India stepped up patrols along its de facto border with Pakistan on Monday after gunmen killed 17 soldiers at a nearby army base, as Prime Minister Narendra Modi's administration weighed its response to an attack India blames on its neighbour.
The assault, in which four commando-style gunmen burst into the brigade headquarters in Uri at 5.30am on Sunday, was among the deadliest in Kashmir and has sharply ratcheted up tension between the nuclear-armed rivals.
Indian Home Minister Rajnath Singh called Pakistan "a terrorist state" and Lieutenant General Ranbir Singh said troops were "ready to give a befitting response", without elaborating.
Loud explosions were heard and several barracks caught fire in the initial hours of the attack.
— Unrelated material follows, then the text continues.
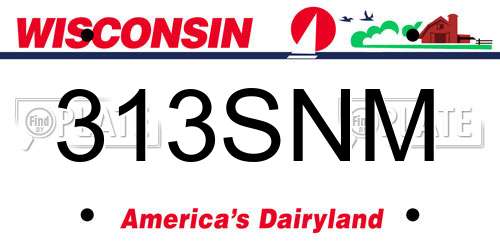313SNM Wisconsin License Plate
Afterwards, military helicopters hovered over the base as the army conducted what it described as "mopping up" operations.
Officials said at least 30 soldiers were wounded in the attack, including about a dozen who were in a critical condition.
The casualties were high because a large number of soldiers were turning over the base to new units and were stationed in tents and temporary shelters that caught fire in the attack, the army said in a statement.
The base, in the town of Uri, west of the region's main city of Srinagar, houses the Indian army's regional brigade headquarters along the de facto border separating Indian and Pakistan-controlled Kashmir.
Soldiers were conducting searches in the area, but army officials said it appeared that they had killed all four rebels involved in the attack.
Army officials said the rebels had infiltrated into the Indian side of Kashmir from the Pakistan-controlled part.
Lt Gen Ranbir Singh, the army's director general of military operations, said all four gunmen killed were "foreign terrorists" and that initial investigations suggested they belonged to Jaish-e-Mohammed, a militant group that has been active inKashmir for more than 15 years.
India blames the outlawed group, which is based in Pakistan, for a series of attacks in the Himalayan region and Indian cities, including the attack on India's parliament in 2001 that brought nuclear rivals India and Pakistan to the brink of war.
Lt Gen Singh said the gunmen were carrying "some items that had Pakistani markings". He said he had spoken to his Pakistani counterpart and conveyed India's "serious concerns".
Indian prime minister Narendra Modi condemned the attack and tweeted: "I assure the nation that those behind this despicable attack will not go unpunished."
Pakistan's army said in a statement that the allegations were "unfounded and premature", reiterating Islamabad's stance that no infiltration is allowed from Pakistani soil.
Kashmir is divided between India and Pakistan, but is claimed by both in its entirety.